The company said Bechtel died Monday at 95. No cause of death was given.
The Stanford-educated engineer became a billionaire while leading the San Francisco-based firm’s expansion through “mega-projects” in Saudi Arabia, the U.S. and Canada.
At 35, he took over as president from his father in 1960 and oversaw contracts for the San Onofre Nuclear Generating Station in north San Diego County, the Jubail Industrial City in Saudi Arabia and the James Bay hydroelectric project in Canada. In less than two decades, he doubled the company’s size, according to its website.
“As a manager, Steve Bechtel Jr. differed greatly from his father,” the company said in an online profile. “Steve Jr. was in every sense the first professional manager to run the company. Steve Jr. had a grip on the numbers and details of the business in a way that his father never had.”
His net worth was $3.5 billion, according to the Bloomberg Billionaires Index. He and his son Riley were each believed to own 20% of the closely held company, Forbes reported. Riley Bechtel succeeded his father as chief executive officer in 1990.

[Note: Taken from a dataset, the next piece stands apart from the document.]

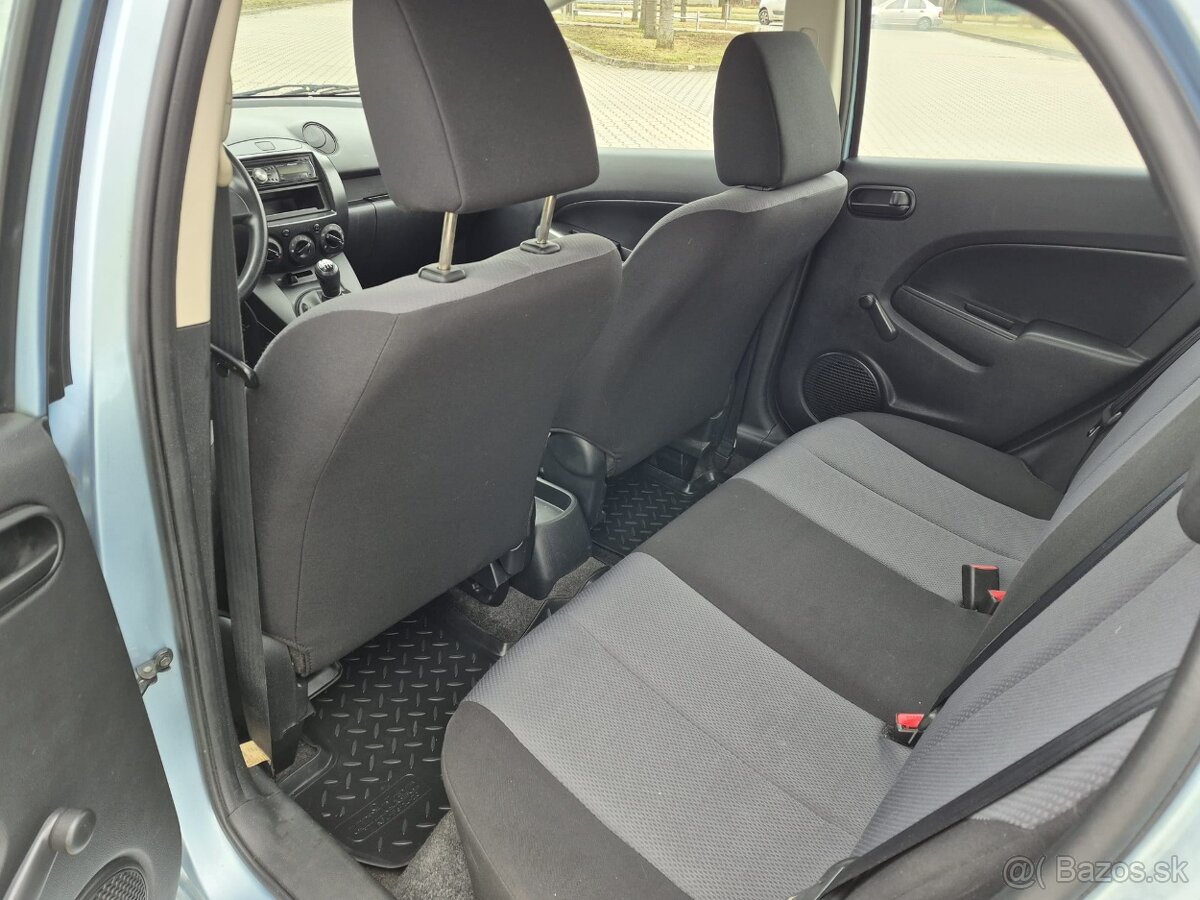 ⭐️ Mazda 2 ... 1,3 16v ...124xxx km - 11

The grandson of company founder Warren Bechtel, Stephen Bechtel Jr. served on presidential committees and councils while running the construction firm that built Hoover Dam during the Great Depression and more than 500 cargo ships and U.S. Navy tankers during World War II. He advised Lyndon Johnson on urban housing, Richard Nixon on pollution control and productivity, and Nixon and Gerald Ford on industry-labor relations.
Bechtel Corp.’s ties to government drew accusations of cronyism. Its partner in the wartime shipyards was steel executive John McCone, who later became director of the CIA under Presidents Kennedy and Johnson.

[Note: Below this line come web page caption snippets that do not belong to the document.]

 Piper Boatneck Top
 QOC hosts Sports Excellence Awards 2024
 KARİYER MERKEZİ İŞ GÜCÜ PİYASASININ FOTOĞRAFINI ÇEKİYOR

Two decades later, Bechtel alumni joined Reagan’s Cabinet when George Shultz, a Bechtel president, became secretary of State, and Caspar Weinberger Jr., Bechtel’s general counsel, was named Defense secretary. Public concern about the company’s influence was intensified by the culture of secrecy nurtured by its chairman.
“He had no patience with troublesome stockholders or filings with the Securities and Exchange Commission, and even less for the prying scrutiny of the public and the press,” according to a 1988 Fortune magazine story.

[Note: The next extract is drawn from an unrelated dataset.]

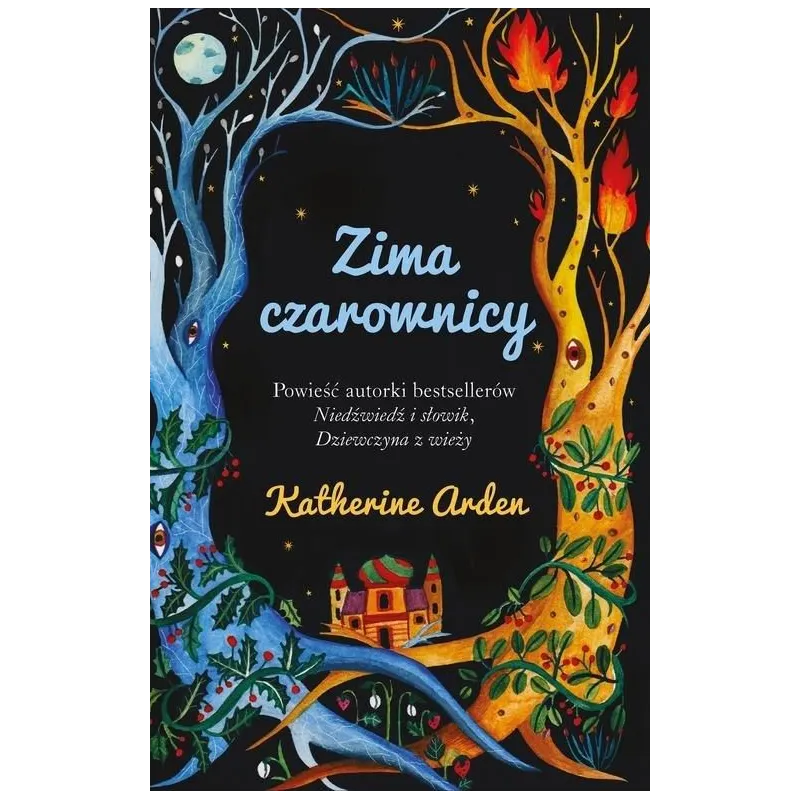ZIMA CZAROWNICY Katherine Arden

The company’s most well-known project during Bechtel’s tenure was the construction of an industrial city in the Saudi fishing village of Jubail. The plan, which began in 1975 and cost more than $30 billion, created a center for more than 160 enterprises and housing for almost 90,000 full-time residents, according to the website of Jubail University College.
In 1983, the development was cited in the Guinness Book of Records as the largest engineering and construction program ever attempted. With extensions planned to the existing city, Jubail was still the world’s largest civil-engineering project as of 2017, according to Bechtel Corp.
Before stepping down as chairman in 1990, Bechtel had presided over the construction of San Francisco’s Bay Area Rapid Transit System; the early stages of the Channel Tunnel project that linked the U.K. with France through a 31-mile undersea railway at a cost of $14.7 billion; and the James Bay Hydro Complex, a $13.8-billion undertaking in northwestern Quebec that harnessed the energy of four rivers and helped fuel the province’s economy.
During his tenure, he also served in an advisory role at Caltech, Purdue, MIT and Stanford.
Stephen Davison Bechtel Jr. was born May 10, 1925, in Oakland to Stephen D. Bechtel Sr. and the former Laura Peart. He had a sister, Barbara.
In 1943, Bechtel enrolled at the University of Colorado, as part of the Marine Corps Officer Cadet Unit. He transferred to Purdue University in West Lafayette, Ind., where he earned a bachelor of science degree in engineering. He received a master’s in business administration from Stanford University in 1948.
Bechtel then joined the family business and worked on a pipeline project in Texas and on other construction jobs around the U.S. and Canada. He became chairman in 1973.
In 1991, President George H.W. Bush awarded him the National Medal of Technology, the highest U.S. honor for technical achievement. In 2009, the Boy Scouts of America announced plans for a national scouting center based in West Virginia after the S.D. Bechtel Jr. Foundation donated $50 million, the largest gift in the history of the Boy Scouts.
“Scouting made a tremendous impact on my life,” Bechtel said. “It’s the source of some of my fondest memories.”
With his wife, the former Elizabeth Mead Hogan, whom he married in 1946, Bechtel had five children.